I am aware of these examples and they just reinforce my understanding 
that jamo sequences were not defined to be used by themselves. Though 
these examples show that we can use jamo sequences but they are all just 
for illustrative use. For those who don't understand Hangul/Korean, one 
of these examples can be interpreted (in a very poor way) as;

<poor interpretation>
EU, O, U, ... should be written below of initial consonant;
I, A, EO, ... should be written right-side of initial consonant;
Characters can make a sound ONLY WHEN they are properly composed...
</poor interpretation>

These use cases are very similar to Unicode code pages. Even though they 
include "parts" of characters, it does not justify that these parts 
should be understood and used by themselves even in very restrictive 
naming/identifier spaces.

> 
> Soobok
> 
>> You can see KI-YEOK and other jamos and even _jamo sequences_ are 
>> used in korean sentences as independent words. 
>>
>> KI-YEOK without vowel jamos should be pronunciated
>> according to the context,  mostly as "KI-YEOK", but in some 
>> cases pronunciated as having hidden vowel EU.
>>
>> vowel jamo O-AE without preceding consonant should be pronunciated
>> according to the context,  mostly as "O-AE",
>> as having hidden preceding consonant I-EUNG.
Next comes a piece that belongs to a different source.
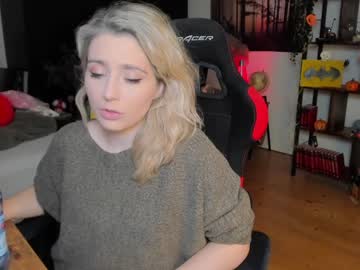 webcam girl kimilee22 image #5645434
Would send me pointers to documents supporting these arguments? It is 
very interesting to me.

>> Jamo sequences or single-jamo word is not a hangul syllable, but
>> had, ___ by definition ____, been legitimate from 15th century.

As argued above, my understanding is that they are just for illustration.

>> And, that is why we can see  jamo-containing words in dictionaries
>> and business names and book names etc.